# Exercise prompt
Restate, word for word and with no pictures, the stretch of lines in the data below that begins at the line with "University of Worcester (@worcester_uni)" and ends at the line with "156 Decatur Drive", inclusive.

# Data records
※ ※ ※

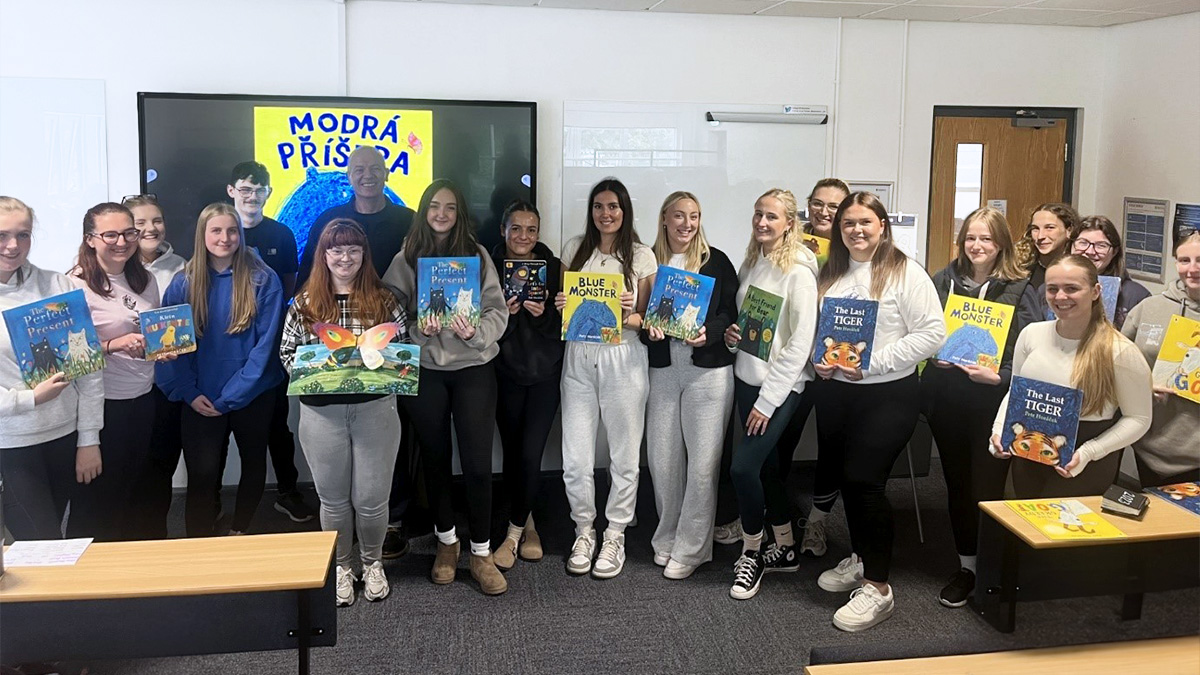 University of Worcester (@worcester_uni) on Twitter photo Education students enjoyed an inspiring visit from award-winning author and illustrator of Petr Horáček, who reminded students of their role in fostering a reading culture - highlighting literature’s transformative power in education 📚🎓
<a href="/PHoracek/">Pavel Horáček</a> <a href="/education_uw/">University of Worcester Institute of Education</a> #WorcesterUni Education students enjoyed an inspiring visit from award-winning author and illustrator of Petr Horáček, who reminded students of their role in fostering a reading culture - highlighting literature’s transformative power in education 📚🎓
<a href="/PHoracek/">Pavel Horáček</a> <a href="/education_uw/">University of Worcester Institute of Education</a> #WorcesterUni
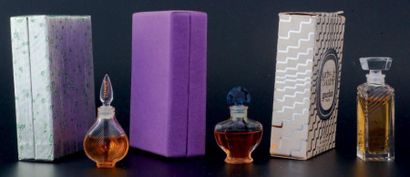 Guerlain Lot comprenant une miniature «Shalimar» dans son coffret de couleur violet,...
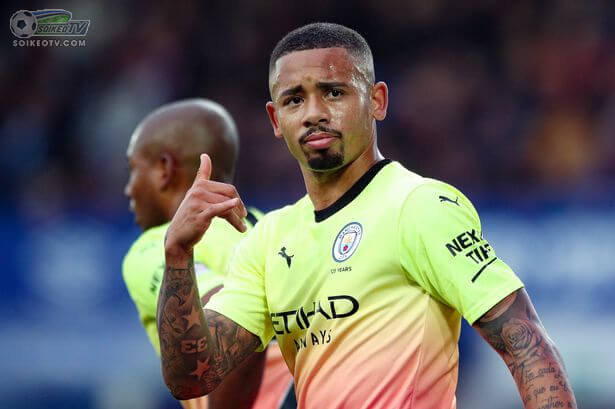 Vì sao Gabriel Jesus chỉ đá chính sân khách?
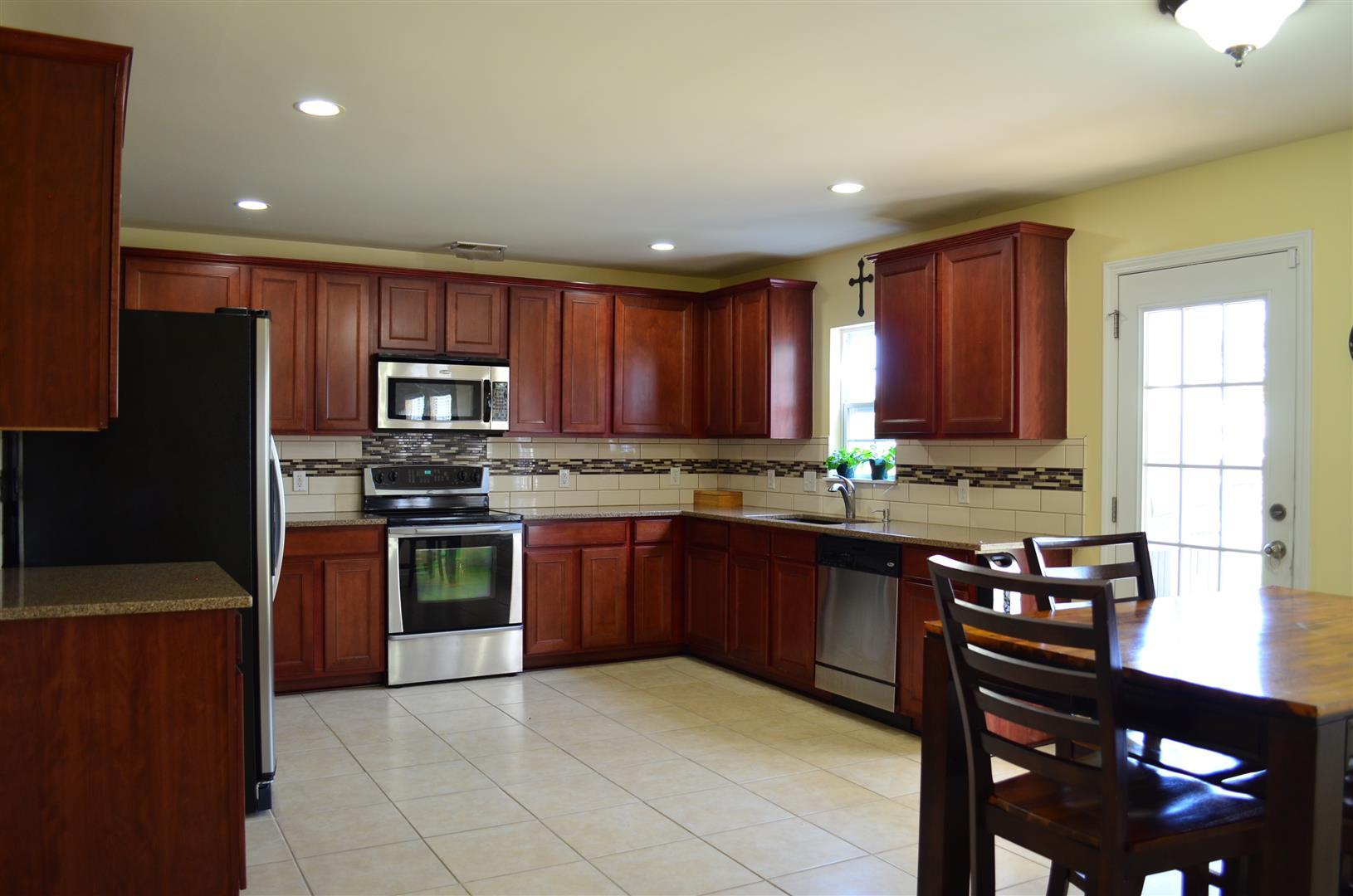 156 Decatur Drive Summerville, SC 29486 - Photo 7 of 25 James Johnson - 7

※ ※ ※

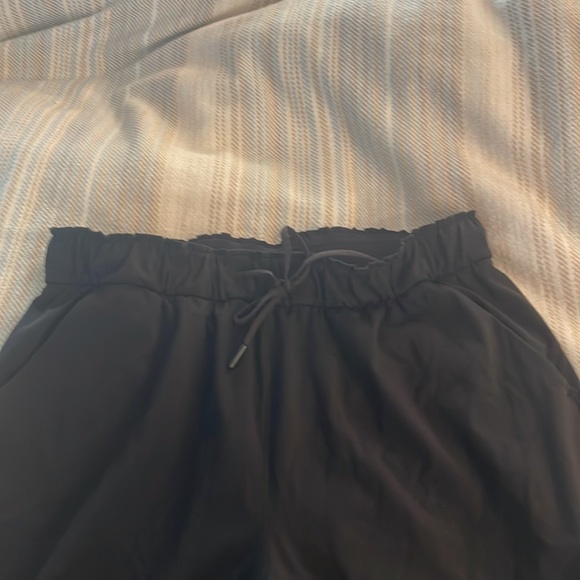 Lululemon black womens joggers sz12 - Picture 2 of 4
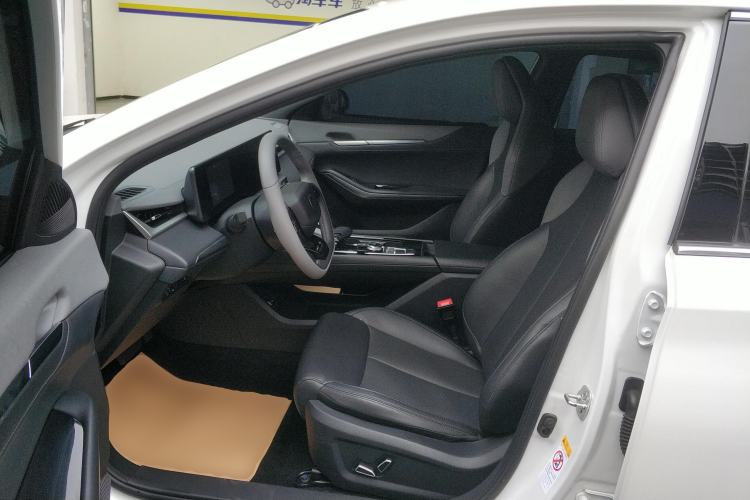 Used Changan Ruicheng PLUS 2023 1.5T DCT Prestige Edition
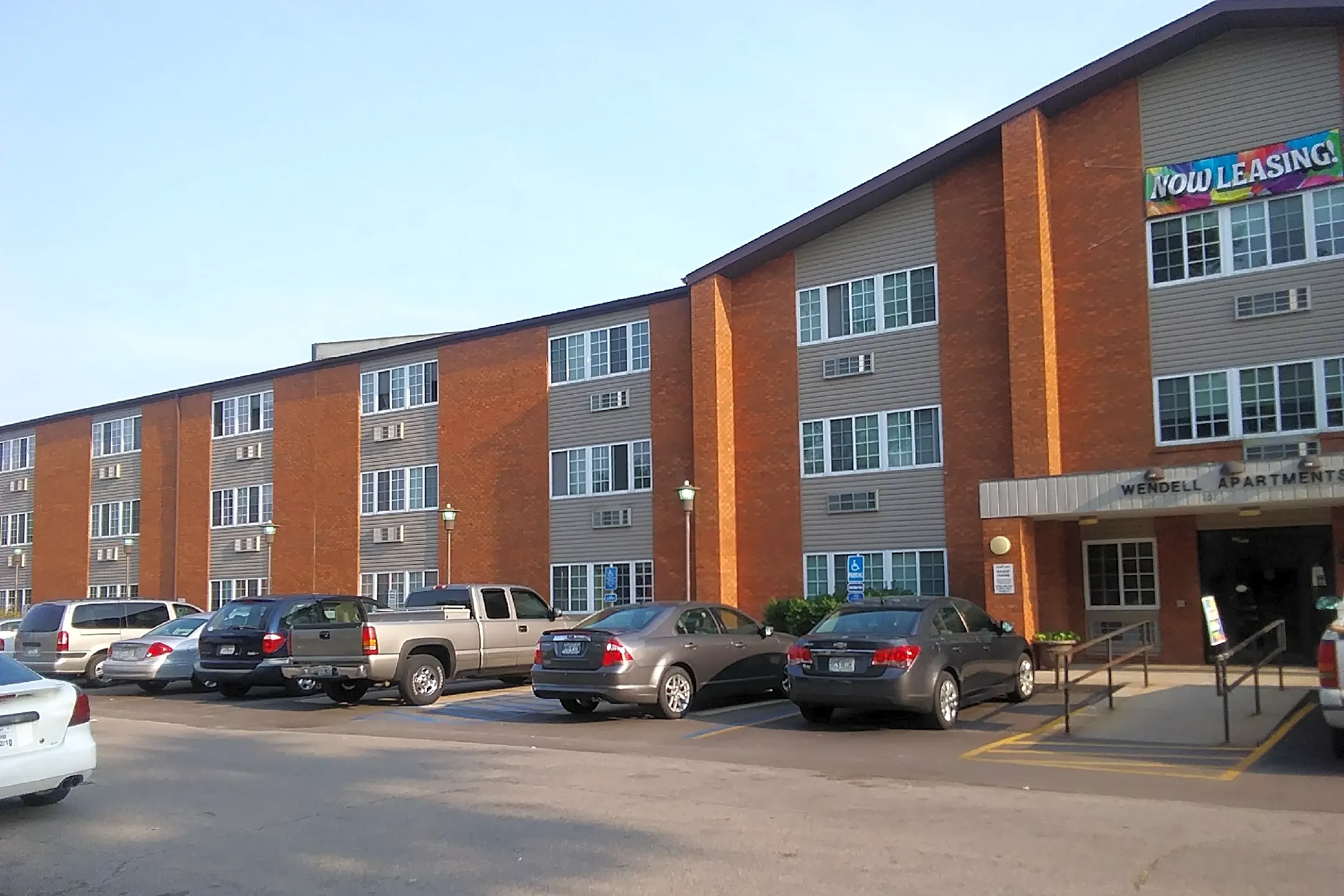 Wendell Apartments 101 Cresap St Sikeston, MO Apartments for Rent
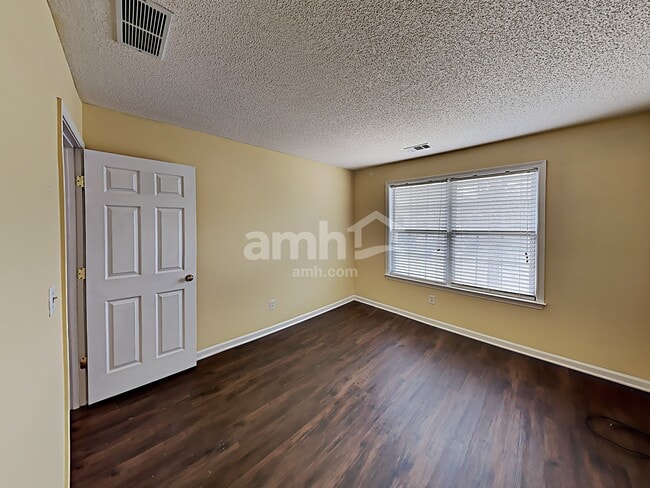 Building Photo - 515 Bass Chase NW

※ ※ ※

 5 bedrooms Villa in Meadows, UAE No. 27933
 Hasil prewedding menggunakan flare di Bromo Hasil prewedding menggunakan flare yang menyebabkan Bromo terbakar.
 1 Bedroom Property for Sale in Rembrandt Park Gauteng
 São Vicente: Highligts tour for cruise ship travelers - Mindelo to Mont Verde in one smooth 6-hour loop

※ ※ ※

# Answer below
 University of Worcester (@worcester_uni) on Twitter photo Education students enjoyed an inspiring visit from award-winning author and illustrator of Petr Horáček, who reminded students of their role in fostering a reading culture - highlighting literature’s transformative power in education 📚🎓
<a href="/PHoracek/">Pavel Horáček</a> <a href="/education_uw/">University of Worcester Institute of Education</a> #WorcesterUni Education students enjoyed an inspiring visit from award-winning author and illustrator of Petr Horáček, who reminded students of their role in fostering a reading culture - highlighting literature’s transformative power in education 📚🎓
<a href="/PHoracek/">Pavel Horáček</a> <a href="/education_uw/">University of Worcester Institute of Education</a> #WorcesterUni
 Guerlain Lot comprenant une miniature «Shalimar» dans son coffret de couleur violet,...
 Vì sao Gabriel Jesus chỉ đá chính sân khách?
 156 Decatur Drive Summerville, SC 29486 - Photo 7 of 25 James Johnson - 7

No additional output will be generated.